#### Raw data
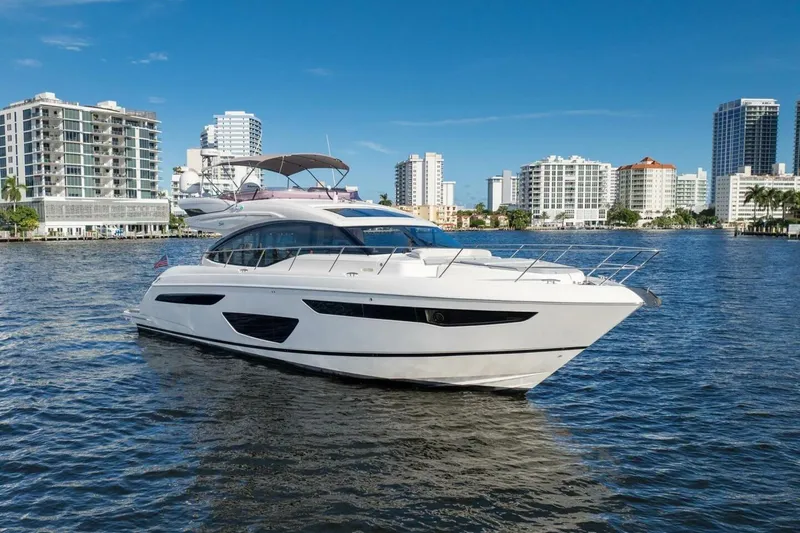 Above Deck Yacht Photos Pics 2018 Princess S60 yacht cruising near modern waterfront buildings under clear blue sky.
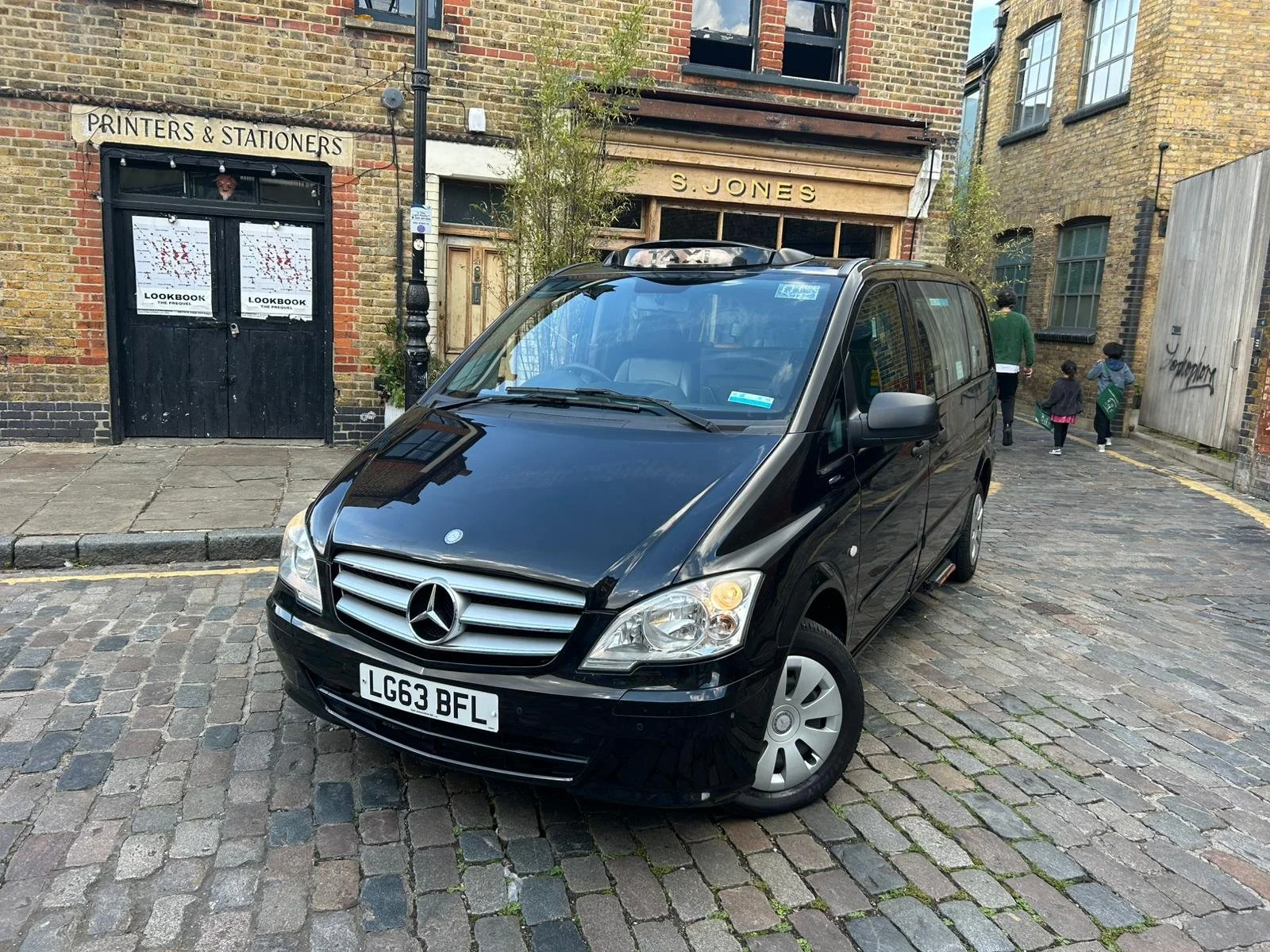 Black Mercedes-Benz van parked on a cobblestone street near brick buildings, with people walking in the background.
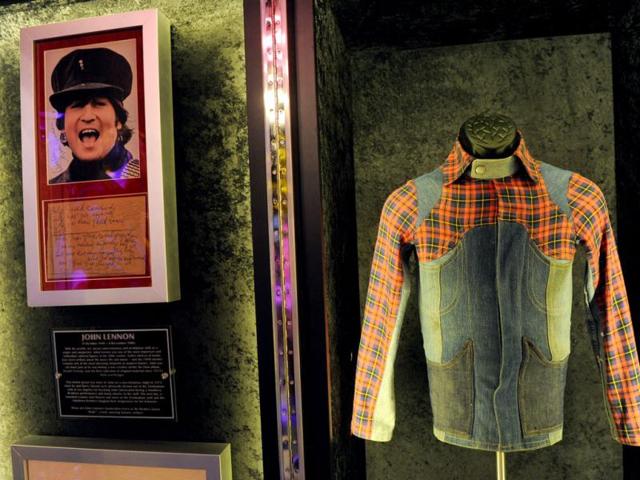 A jacket worn by John Lennon and his lyrics to the song "Help" are displayed at the launch of Hard Rock International's traveling music memorabilia collection, "Gone Too Soon," at Hard Rock Cafe New York. (AP Photo)
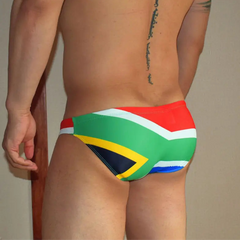 a sexy man in South Africa Flag flag Men’s World Tour Bikini Swim Briefs - pridevoyageshop.com - gay men’s sexy swim briefs, trunks, board shorts, and bikinis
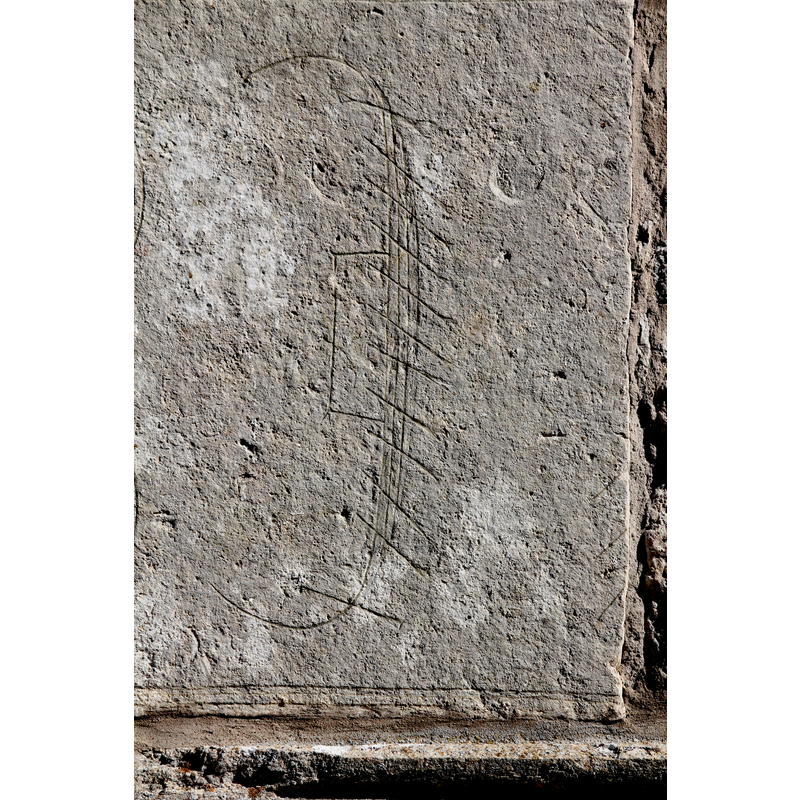 probably a tombstone re-used on this side, to the left of the southwest portal; the incision visible here appears to be a Viking-type ship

#### Assignment
Give again, word for word, the lines from the one containing "a sexy man in" through the last line of the entries, with pictures omitted and nothing added.

#### Response to this exercise
 a sexy man in South Africa Flag flag Men’s World Tour Bikini Swim Briefs - pridevoyageshop.com - gay men’s sexy swim briefs, trunks, board shorts, and bikinis
 probably a tombstone re-used on this side, to the left of the southwest portal; the incision visible here appears to be a Viking-type ship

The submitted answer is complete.